The Logic of Some Eleven Plus Questions

For some children the eleven plus examination is now a matter of days and weeks away. By now many of the children will have covered the majority of the so called `Eleven Plus Syllabus’ and will be revising and going over problem areas.

As parents work with their children on verbal reasoning exercises they will be aware of a rainbow of emerging linguistic skills.

Sometimes parents will be aware of their child solving a problem – when they can not really explain in words what they have done. Before wondering if their child has seen the answers – it may be worth considering that the brain is beginning to develop powers of being able to see solutions to problems. “I can’t explain how I got the answer; I just know what the answer is.”
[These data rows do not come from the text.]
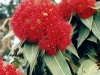 red eucalypt 2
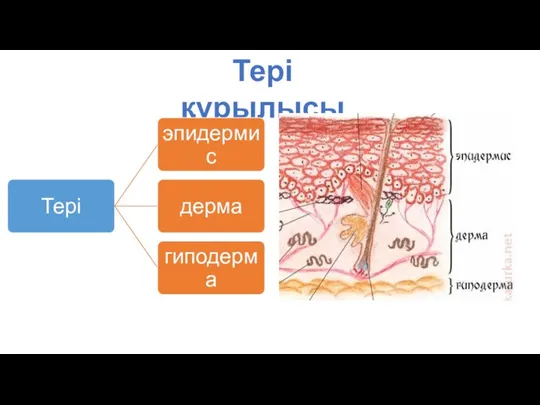 Тері құрылысы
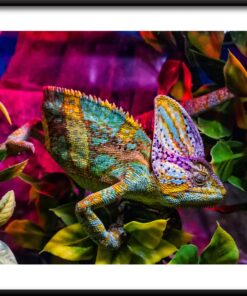 Barevný chameleon plakát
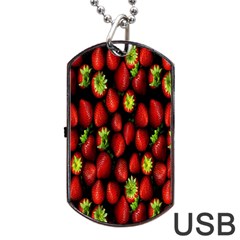 Berry Strawberry Many Dog Tag Usb Flash (one Side)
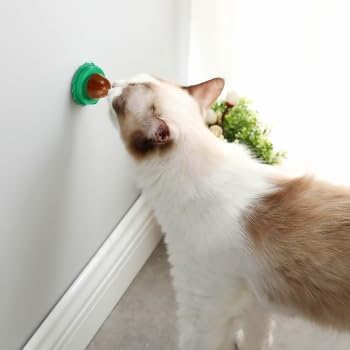BESPORTBLE 10Pcs Catnip Balls Cat Catnip Ball Natural Licking Edible Wall Stick on Cat Licker Toy Pet Lollipop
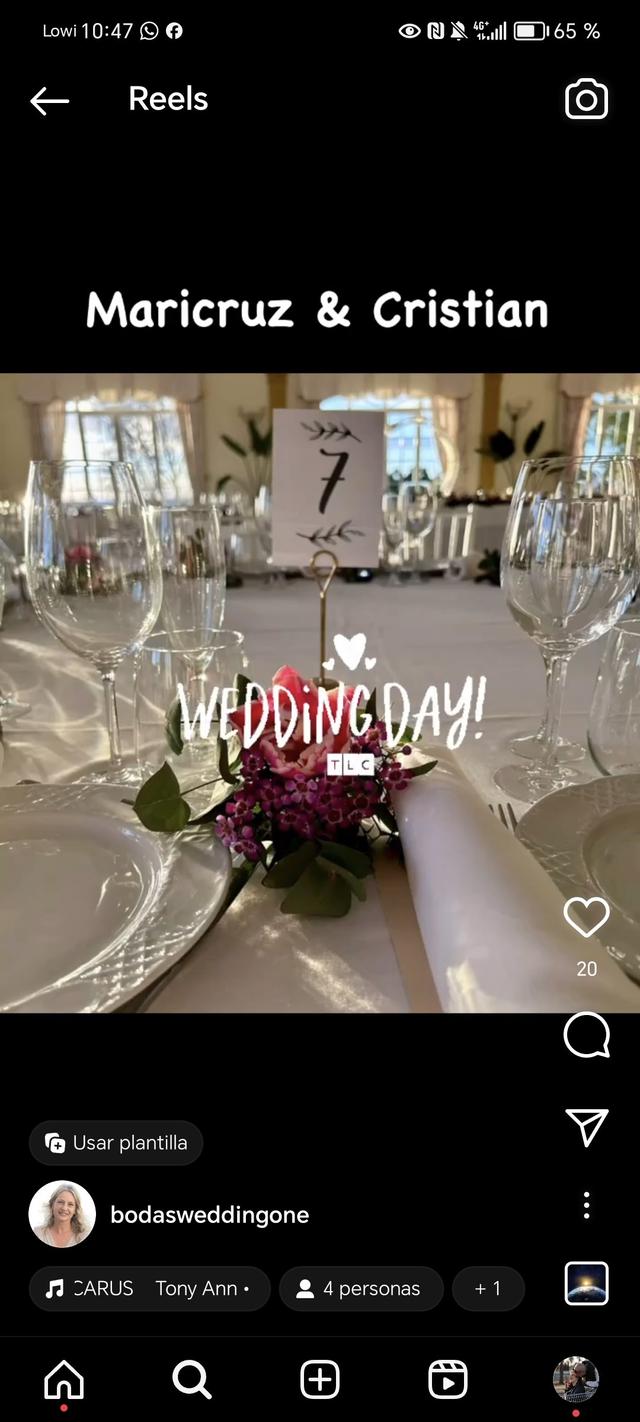 Bodas Wedding One - 2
Sometimes too your child may display powers of organisation of thought that could make you wonder: “Where on earth did that come from?” This is a natural consequence of the time and effort that has already gone into working towards the eleven plus. Parts of the brain are clicking in to place.

On other occasion your child may be able to explain how to reach an answer – without really being able to achieve the final step. The final step being selecting the right multiple choice answer.

Parents could test how far their child’s thought processes are developing by playing the game Twenty Questions once again. Suppose the answer was a large kitchen knife. At a pre eleven plus stage a child may ask: “Is it in the kitchen?” Later on in a child’s development of thinking and reasoning, you could expect a question along the lines of: “Is it a kitchen utensil?” A two part question like this opens up a different type of generalised thinking.

Eleven plus children will continue ask some general questions – but will also be able demonstrate that they have reached higher level of hierarchy. This type of thinking is part of being able to understand that in some multiple choice questions they may have to choose between remarkably similar answers – without the luxury of being able to recognise immediately that a particular answer needs to be eliminated.

Parents will use language to help their child develop skills of theorising. Developing a theory entails collecting information and evidence and then organising an answer. A correct eleven plus answer can seem to defy logic. In fact some eleven plus questions do defy logic. “I can see the answer in the answer book, but how did they do that?”